**Work order:**
Give the line containing "中北大学失业率及失业远景怎样样,好失业吗？" again, exactly, along with all later lines of the entries, through the last one.

━━━━━ Records for processing ━━━━━

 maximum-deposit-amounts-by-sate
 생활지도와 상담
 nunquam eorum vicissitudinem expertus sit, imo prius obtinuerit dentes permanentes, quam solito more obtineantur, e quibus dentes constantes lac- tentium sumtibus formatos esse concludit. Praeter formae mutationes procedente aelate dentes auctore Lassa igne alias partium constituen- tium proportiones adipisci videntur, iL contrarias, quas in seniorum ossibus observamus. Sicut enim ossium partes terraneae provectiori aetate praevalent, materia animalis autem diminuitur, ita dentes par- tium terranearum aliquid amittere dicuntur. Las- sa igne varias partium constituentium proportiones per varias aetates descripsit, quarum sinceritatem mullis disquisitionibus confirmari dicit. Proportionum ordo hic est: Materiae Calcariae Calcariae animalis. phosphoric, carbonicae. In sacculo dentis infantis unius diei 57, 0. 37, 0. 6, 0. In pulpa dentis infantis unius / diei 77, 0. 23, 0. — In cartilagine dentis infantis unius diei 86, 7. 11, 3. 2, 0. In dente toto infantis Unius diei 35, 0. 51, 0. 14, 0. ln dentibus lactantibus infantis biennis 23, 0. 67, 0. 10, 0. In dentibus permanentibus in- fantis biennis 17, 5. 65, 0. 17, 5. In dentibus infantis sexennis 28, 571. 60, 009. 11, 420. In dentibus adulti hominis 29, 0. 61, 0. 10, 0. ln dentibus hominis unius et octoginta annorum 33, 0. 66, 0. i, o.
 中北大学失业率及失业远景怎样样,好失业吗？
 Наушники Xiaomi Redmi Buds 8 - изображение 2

━━━━━

**Exercise result:**
 中北大学失业率及失业远景怎样样,好失业吗？
 Наушники Xiaomi Redmi Buds 8 - изображение 2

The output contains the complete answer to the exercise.